Archive for category code
The Labyrinth of Genre
Posted by Paul in code, data, tags, The Echo Nest, visualization on January 16, 2011
I’m fascinated with how music genres relate to each other, especially how one can use different genres as stepping stones as a guide through the vast complexities of music. There are thousands of genres, some like rock or pop represent thousands of artists, while some like Celtic Metal or Humppa may represent only a handful of artists. Building a map by hand that represents the relationships of all of these genres is a challenge. Is Thrash Metal more closely related to Speed Metal or to Power Metal? To sort this all out I’ve built a Labyrinth of Genre that lets you explore the many genres. The Labyrinth lets you wander though about a 1000 genres, listening to samples from representative artists.
Click on a genre and the labyrinth will be expanded to show similar half a dozen similar genres and you’ll hear songs in the genre.
I built the labyrinth by analyzing a large collection of last.fm tags. I used the cosine distance of tf-idf weighted tagged artists as a distance metric for tags. When you click on a node, I attach the six closest tags that haven’t already been attached to the graph. I then use the Echo Nest APIs to get all the media.

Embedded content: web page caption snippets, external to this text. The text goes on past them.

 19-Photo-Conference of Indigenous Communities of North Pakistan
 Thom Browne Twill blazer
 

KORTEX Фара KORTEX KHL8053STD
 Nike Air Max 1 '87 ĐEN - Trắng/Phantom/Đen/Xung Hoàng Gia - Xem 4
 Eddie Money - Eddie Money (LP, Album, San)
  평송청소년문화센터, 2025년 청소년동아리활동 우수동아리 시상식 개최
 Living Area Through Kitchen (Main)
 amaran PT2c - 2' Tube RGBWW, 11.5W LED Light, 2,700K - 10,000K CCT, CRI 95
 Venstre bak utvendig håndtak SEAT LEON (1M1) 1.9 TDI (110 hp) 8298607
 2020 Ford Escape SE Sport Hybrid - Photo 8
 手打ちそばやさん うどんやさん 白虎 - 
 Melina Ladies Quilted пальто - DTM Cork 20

Even though it’s a pretty simple algorithm, it is quite effective in grouping similar genre. If you are interested in wandering around a maze of music, give the Labyrinth of Genre a try.
A Genre Map
Inspired by an email exchange with Samuel Richardson, creator of ‘Know your genre‘ I created a genre map that might serve as a basis for a visual music explorer (perhaps something to build at one of the upcoming music hack days). The map is big and beautiful (in a geeky way). Here’s an excerpt, click on it to see the whole thing.

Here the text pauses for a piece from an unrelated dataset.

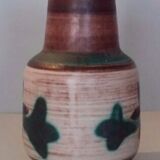 Vintage ceramic vase Germany 60s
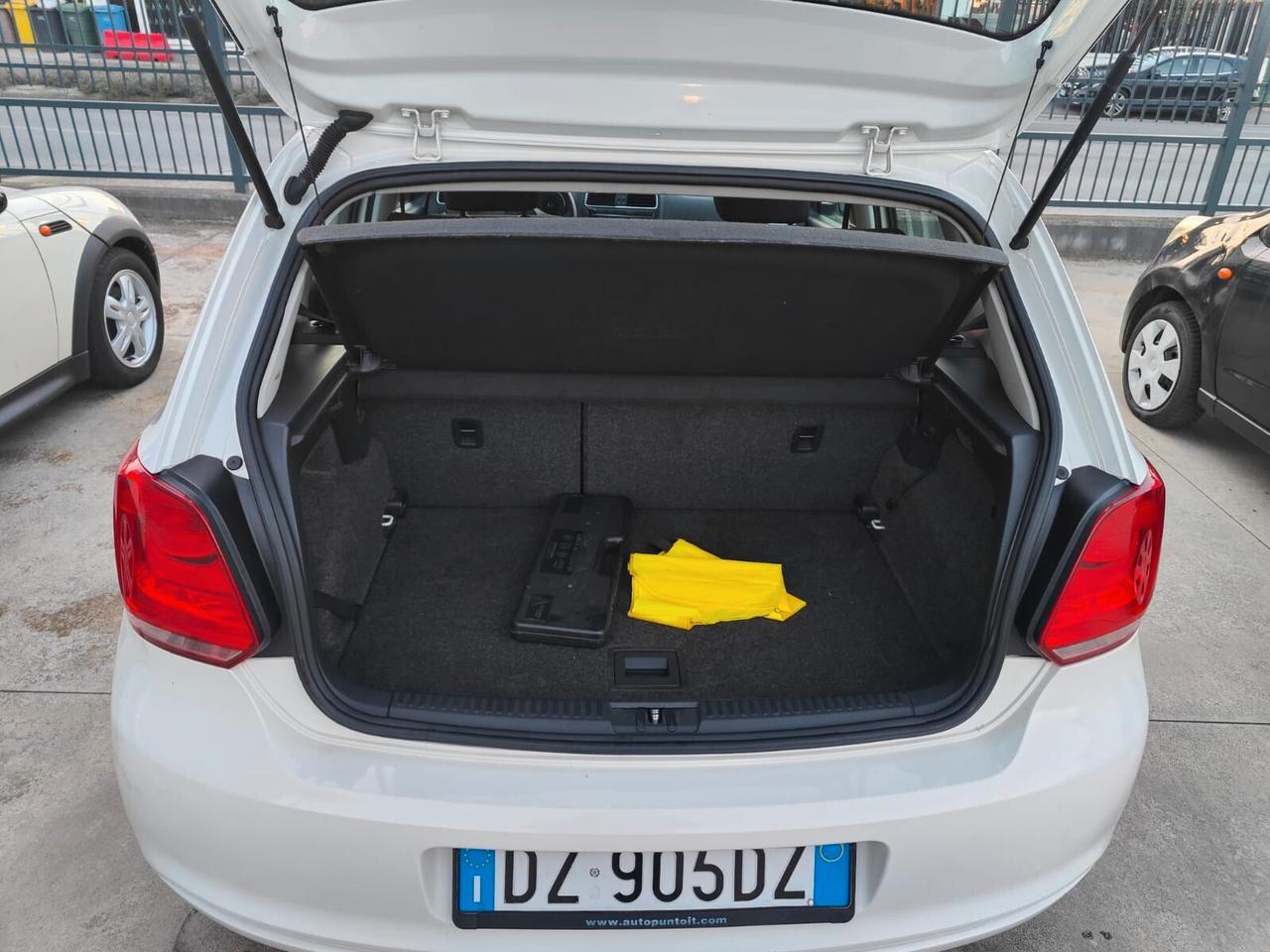 VOLKSWAGEN PoLO-PRov TOSCANA-ECCELLENTI CONDIZIONI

Update – I’ve made an interactive exploration tool that lets you wander through the genre graph. See the Labyrinth of Genre
Update 2 – Colin asked the question “What’s the longest path between two genres?” – If I build the graph by using the 12 nearest neighbors to each genre, find the minimum spanning tree for that graph and then find the longest path, I find this 31 step wonder:
Of course there are lots of ways to skin this cat – if I build the graph with just the nearest 6 neighbors, and don’t extract the minimum spanning tree, the longest path through the graph is 10 steps:
The Music Maze
Posted by Paul in code, fun, Music, The Echo Nest, video, visualization, web services on December 20, 2010
I wrote an application over the weekend called Music Maze. The Music Maze lets you wander through the maze of similar artists until you find something you like. You can give it a try here: The Music Maze (be forewarned, the app plays music upon loading).
We’ve seen the idea behind the Music Maze in other apps like Musicovery and Tuneglue’s Music Map. The nifty thing about the Music Maze is that I didn’t have to write a single line of server code to make it all happen. The Music Maze web app talks directly to The Echo Nest API. There’s no middle man. The artist graph, the album art, the links to audio – everything are pulled on demand from the Echo Nest API. This is possible because the Echo Nest API now supports JSONP requests (in beta, full release coming soon!). With JSONP an AJAX app can escape the Javascript sandbox and make calls to 3rd party web services. No need for me to set up a server to proxy calls to the Echo Nest, no Apache or Tomcat, no MySQL, no worries about scaling. This makes it incredibly easy for me to host and deploy this app. I just toss my HTML, Javascript and CSS files into an Amazon S3 bucket, make them world readable, and I’m done. It really has never been easier to create Music Apps. This whole app is less than 500 lines of javascript, written in a few hours on a Sunday morning while the rest of the family are still asleep. It is great to see all of these technologies coming together to make easy to create music apps.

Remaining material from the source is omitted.